It turns out Bill was in bed with big ethanol interests, brokering deals for an ethanol startup of Vinod Khosla that Branson and others bought into. Bill got fees for brokering these deals. Hillary opposed corn ethanol at times, but worked for Vinod's dream of cellulosic ethanol in upstate New York. This hampered her ability to take a new energy policy direction. Clinton family ethanol investments.
http://gristmill.grist.org/story/2008/2/27/11100/2987/#comment9
The Vinod Khosla presentation here (on gristmill) certainly was timely, because of something not widely reported.
Bill Clinton has been in on the ethanol bidness, with Khosla, Branson, and big investment firms, just like the bush family is in on the oil bidness. Barack is a minor player, only in respect to his corn ethanol state representation.

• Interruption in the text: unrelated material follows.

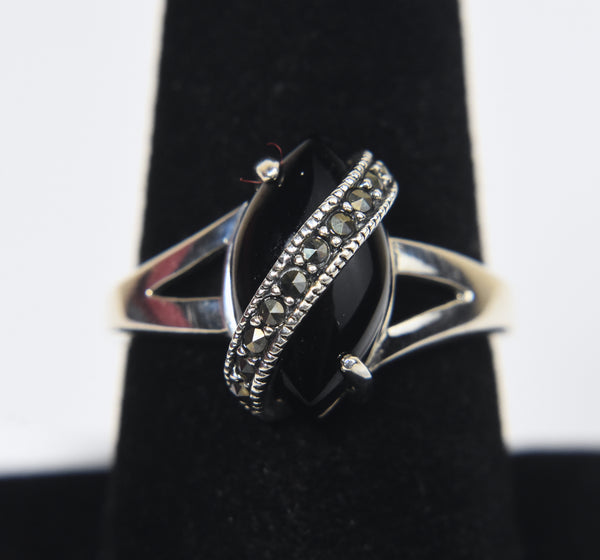 Avon - Black Onyx Sterling Silver Marcasite Ring - Size 8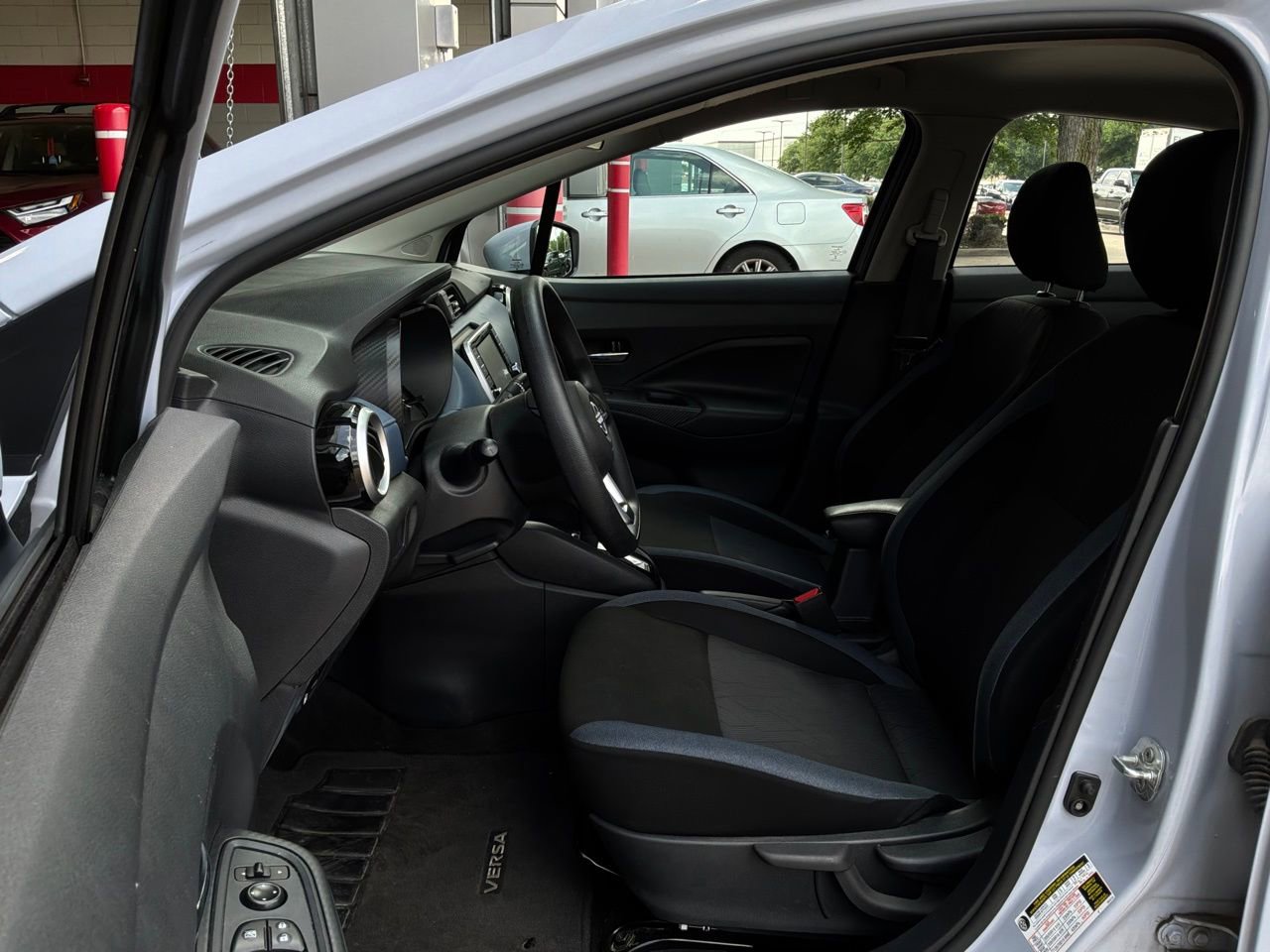Used 2025 Nissan Versa SV FWD image 10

And they are ALL touting cellulosic ethanol as the new green direction, corn ethanol having failed the GHG test now officially.
It is truly hard to believe that Romm is touting cellulosic ethanol here too now. Since the same studies that claimed corn ethanol doubled GHG, claims that cellulosic ethanol increaes GHG by 50% over simply burning oil based fuel.
DR is clearly now in the cellulosic camp, but that is no surprise. His technical knowledge is obviously extremely limited. And his support for Barack seemingly trumps all other considerations lately.
When bio-d gave in on it, and said give cellulosic a chance? That's it, this publication has changed it's opinion on ethanol too. The distinction between corn, sugar cane, and cellulosic makes no sense from a GHG increase perspective. All forms of fuel farming are a GHG disaster.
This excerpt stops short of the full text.